PJM said it needed to keep the plant available because of delays in construction of the 500-kV Skiffes Creek transmission project, the subject of court fights because of the proximity of its James River crossing near historic sites.
DOE extended the 90-day order four times thereafter, most recently on June 8, 2018. That order expires on Sept. 9. PJM’s most recent extension request estimated the transmission project will be complete in August 2019 and that Yorktown will not be dispatched after May 2019.
What’s FERC’s Role?
The five FERC commissioners are due to testify Tuesday before the Senate Energy and Natural Resources Committee in a previously scheduled oversight hearing. But it is unclear how much they will say about the proposed bailouts.
FERC was given no advance notice of the Trump directive and had received no additional information on it as of last Tuesday, when Chairman Kevin McIntyre met with reporters after speaking at the Energy Information Administration’s Energy Conference. (See related story, FERC Blindsided by Half-Baked Trump Order.)

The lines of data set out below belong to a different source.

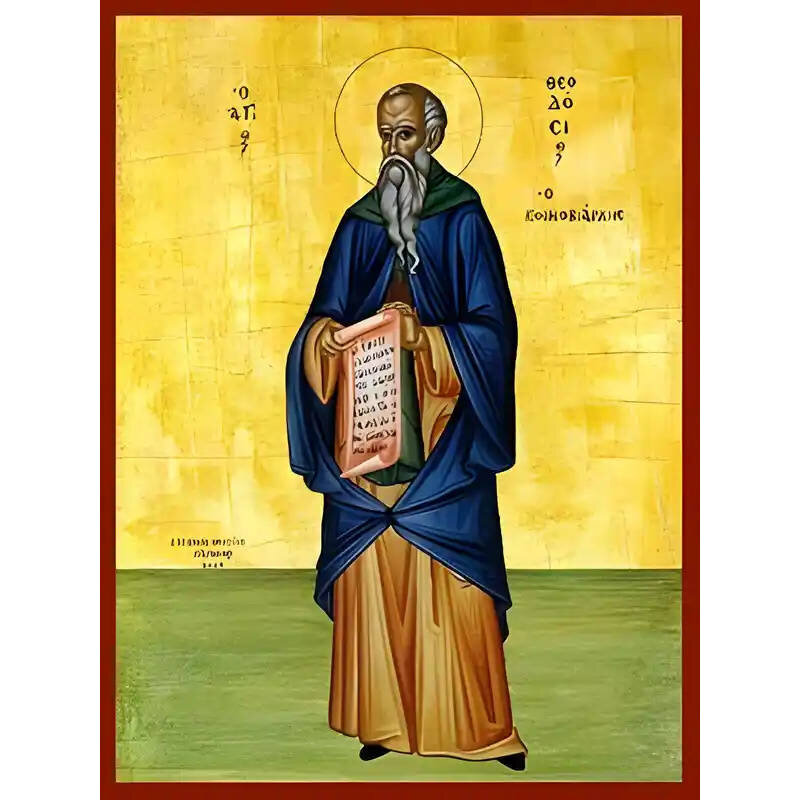 Εικόνα Ορθοδοξίας με περίγραμμα χρυσό σε ξύλο Φλαμουρίας  με  βάση Εικόνα ΑΓΙΟΣ ΘΕΟΔΟΣΙΟΣ, Ο ΚΟΙΝΟΒΙΑΡΧΗΣ, ΟΛΟΣΩΜΟΣ Χειροποίητη Ελληνορθόδοξη εικόνα του Ιησού Χριστού, Κρεμαστή πλάκα βυζαντινής τέχνης, χριστιανική τέχνη Διάσταση 40x30 cm (10,2x7,9 ίντσες)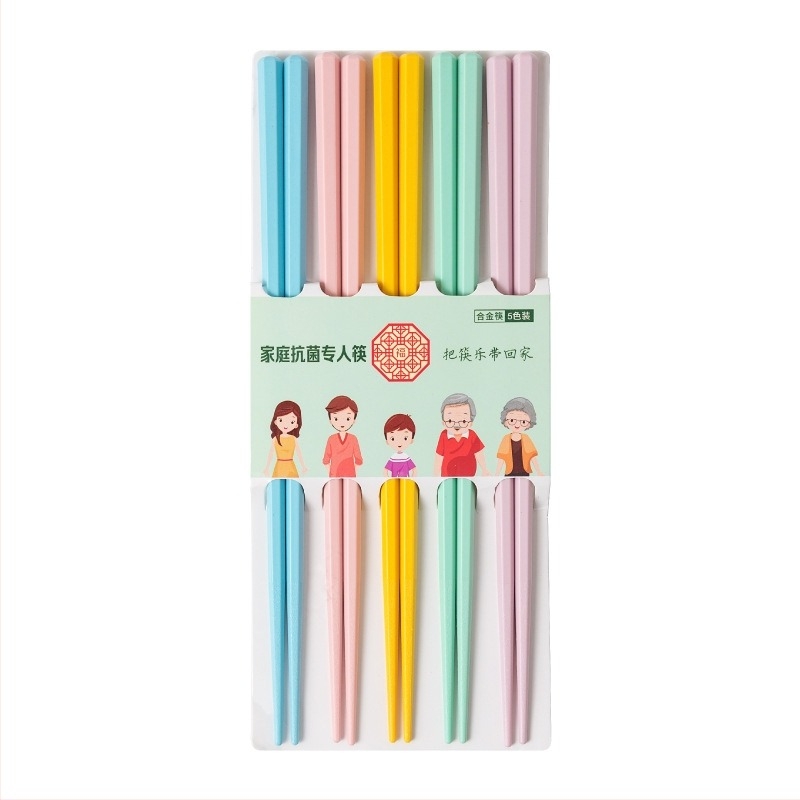 Παιδικά ξυλάκια από κράμα τιτάνιου, δημιουργικό στυλ, 5 ζευγάρια, γυάλισμα με υδροβολή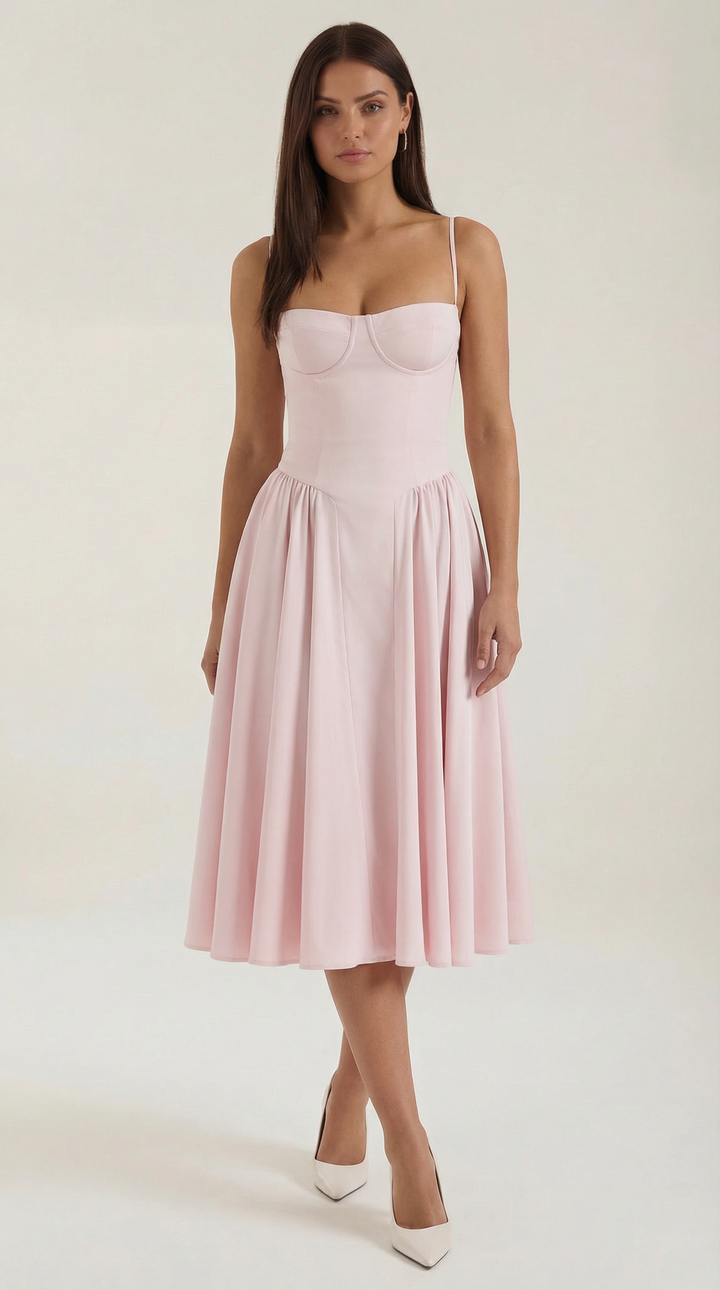 Women's Sweetheart Neckline Midi Dress with Spaghetti Straps and Full Skirt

The draft memo had been prepared in advance of a June 1 meeting of the National Security Council, and DOE’s plan will be reviewed by the NSC’s Policy Coordinating Committees. FERC is not a principal in the process.
Although FERC has been excluded from policy deliberations thus far, the resilience docket the commission opened in January could play a role in any litigation, Christine Tezak of ClearView Energy Partners said in an analysis for clients Friday (AD18-7). FERC opened the docket after rejecting DOE’s Notice of Proposed Rulemaking calling for price supports for coal and nuclear plants with on-site fuel. (See FERC Rejects DOE Rule, Opens RTO ‘Resilience’ Inquiry.)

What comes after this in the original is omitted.